Re: New supply-chain security tool: backseat-signed
Friends - On Wed, Apr 03, 2024 at 05:21:40AM +0300, Adrian Bunk wrote: > It is documented that auto-generated Github tarballs for the same tag > and with the same commit ID downloaded at different times might have > different checksums. I've run into this statement before. It's annoyingly true, in part because it's typically false. Can we document a standard workaround-recipe, where a script grabs the tarball, decompresses it, and then rebuilds and compresses the contents in a way that _is_ reproducible? - Larry
Re: New supply-chain security tool: backseat-signed
On Wed, Apr 03, 2024 at 02:31:11AM +0200, kpcyrd wrote: >... > I figured out a somewhat straight-forward way to check if a given `git > archive` output is cryptographically claimed to be the source input of a > given binary package in either Arch Linux or Debian (or both). For Debian the proper approach would be to copy Checksums-Sha256 for the source package to the buildinfo file, and there is nothing where it would matter whether the tarball was generated from git or otherwise. > I believe this to be the "reproducible source tarball" thing some people > have been asking about. >... The lack of a reliably reproducible checksum when using "git archive" is the problem, and git cannot realistically provide that. Even when called with the same parameters, "git archive" executed in different environments might produce different archives for the same commit ID. It is documented that auto-generated Github tarballs for the same tag and with the same commit ID downloaded at different times might have different checksums. > This tool highlights the concept of "canonical sources", which is supposed > to give guidance on what to code review. >... How does it tell the git commit ID the tarball was generated from? Doing a code review of git sources as tarball would would be stupid, you really want the git metadata that usually shows when, why and by whom something was changed. > https://github.com/kpcyrd/backseat-signed > > The README >... "This requires some squinting since in Debian the source tarball is commonly recompressed so only the inner .tar is compared" This doesn't sound true. > Let me know what you think. > > Happy feet, > kpcyrd cu Adrian
New supply-chain security tool: backseat-signed
Hello, I'm going to keep this short, I've been writing a lot of text recently (which is quite exhausting, on top of my dayjob and all the code I wrote today afterwards. Apologies if you're still waiting for a reply in one of the other threads). I figured out a somewhat straight-forward way to check if a given `git archive` output is cryptographically claimed to be the source input of a given binary package in either Arch Linux or Debian (or both). I believe this to be the "reproducible source tarball" thing some people have been asking about. As explained in the README, I believe reproducing autotools-generated tarballs isn't worth everybody's time and instead a distribution that claims to build from source should operate on VCS snapshots instead of tarballs with 25k lines of pre-generated shell-script. Building from VCS snapshots is already the case for a large number of Arch Linux packages (through auto-generated Github tarballs). Some packages have been actively converted to VCS snapshots by Arch Linux staff in response to the xz incident. This tool highlights the concept of "canonical sources", which is supposed to give guidance on what to code review. This is also why I think code signing by upstream is somewhat low priority, since the big distros can form consensus around "what's the source code" regardless. https://github.com/kpcyrd/backseat-signed The README shows how to verify Arch Linux and Debian build cmatrix from the same source code - they may both still apply patches (which would be considered part of the build instructions), but the specified source input is the same. This tarball can also be bit-for-bit reproduced from VCS by taking a `git archive` snapshot of the v2.0 tag in the cmatrix repository. (If somebody ever tells you programming in Rust is slower, I wrote the entirety of this codebase within a few hours of a single day) Let me know what you think. Happy feet, kpcyrd
Re: Arch Linux minimal container userland 100% reproducible - now what?
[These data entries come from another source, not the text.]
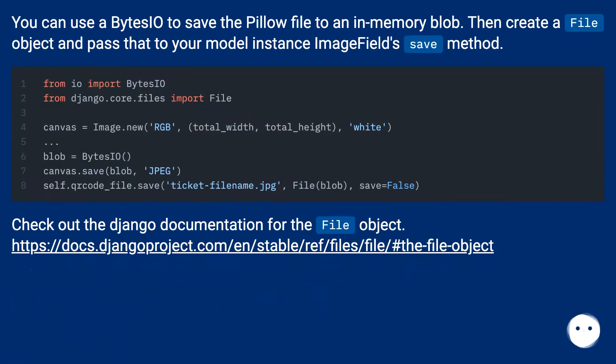You can use BytesIO to save the Pillow file to an in-memory blob, then create a File object and pass that to your model instance ImageField's save method.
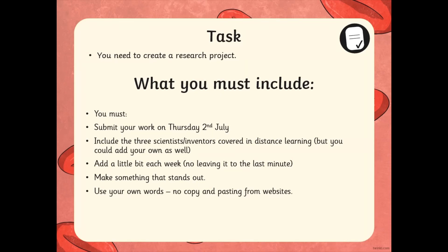Remember, all the information you will need has been covered in these videos. All the information about the scientists has been discussed and shown. Of course, if you want to do a little bit of extra research, you are more than welcome to do so. Year 6, if you do need any help, please just send me a message and I'll get back to you as quickly as possible. Otherwise, send me your research project as soon as it's done and I look forward to seeing them. Thank you very much, Year 6. Goodbye.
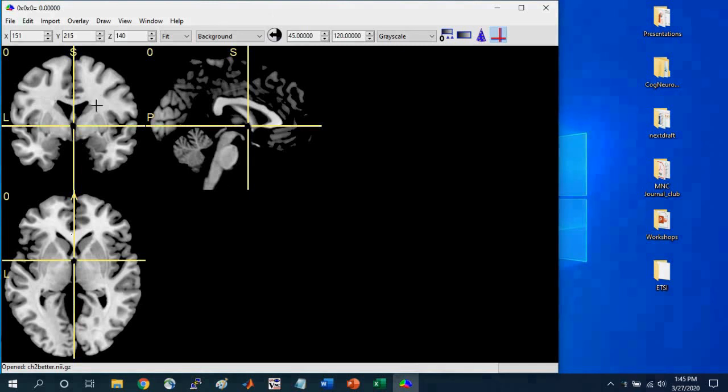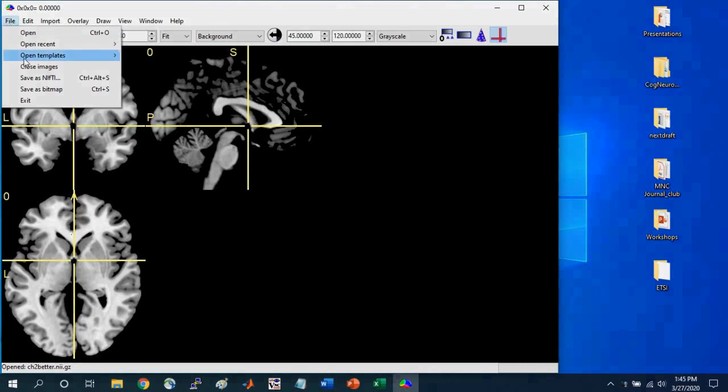And so if you want to see this specific brain file, you can go to File, Open Templates, and select the CH2 Better Brain. And this will load this particular brain.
James Addison wrote that local storage can contain errors. I agree. > My guess is that we could get into near-unsolvable philosophical territory > along this path, but I think it's worth being skeptical of the notions that > local-storage is always trustworthy and that the network should always be > avoided. For me, the distinction is that the local storage is under the direct control of the person trying to rebuild, while the network and the servers elsewhere in the network are not. If local storage is unreliable, you can fix or replace it, and continue with your work. I am looking for reproducibility that is completely doable by the person trying to do it, at any time after when they obtain a limited number of key items by any means: the bootable binary of the OS release, and what the GPL calls the "Corresponding Source". And, I am very happy to be seeing lots of incremental progress along the way! John PS: I have a local archive of the source ISO images and the binary ISO images of many Ubuntu, Fedora, Debian, BSD, etc releases. It all fits easily on a single hard disk drive, and that drive has many backups from different times. The images all have checksums that were checked when I obtained the images. The checksums are in the backups, so I can see if my copies were tampered with or merely suffered from storage degradation over time. And I can easily copy the whole thing and send you a copy, if you want one; or put it on the Internet (some of the releases are available from me now via BitTorrent). If those distros were reproducible, I could verify that each of those binary releases was untampered. Or YOU could, without my help, after you got a copy from me or from anyone. And if you suspected a binary Ken Thompson attack, you could use those releases locally at your site, as the source material for an arbitrarily intense diverse double-compilation check. Without my help, and without the help of anyone else on the Internet. In short, making a local archive of reproducible binaries and their corresponding sources, readily enables all the verifications that we are trying to make common in the world.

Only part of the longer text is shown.